#### ABOUT THIS EXERCISE
Everything in the listing below needs restating exactly, apart from the pictures.

#### DATA SHOWN

= Beginning of Section =

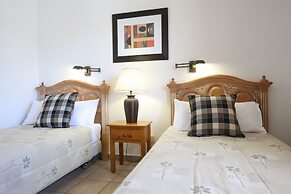 Beverly Hills Suites - Excel Hotels & Resorts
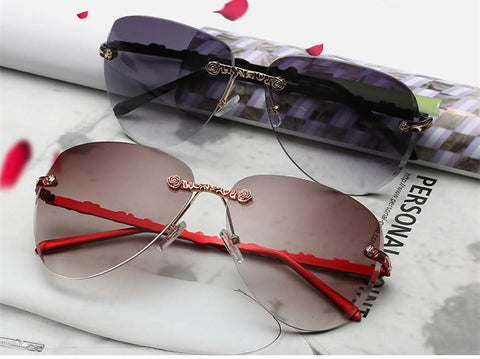 Floral Silver Aviator Style Sunglasses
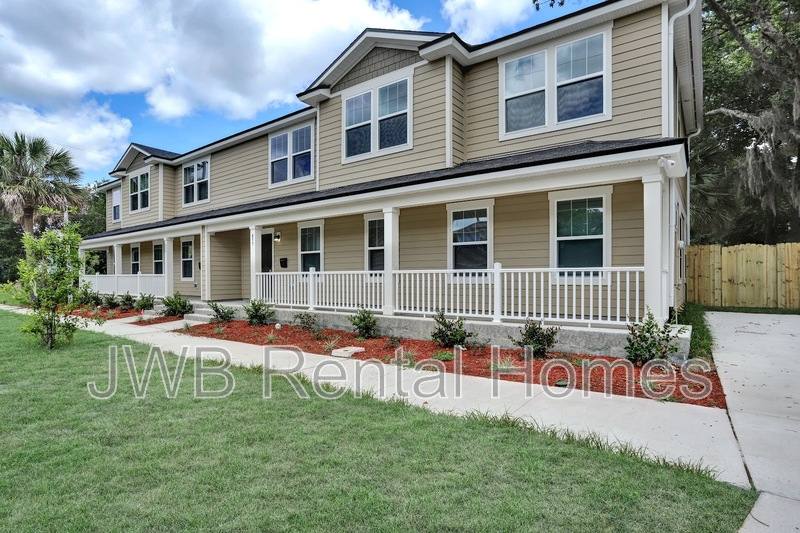 Townhouse for rent at 611 Jessie St, Jacksonville, FL 32206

= End of Section =

#### YOUR SOLUTION
 Beverly Hills Suites - Excel Hotels & Resorts
 Floral Silver Aviator Style Sunglasses
 Townhouse for rent at 611 Jessie St, Jacksonville, FL 32206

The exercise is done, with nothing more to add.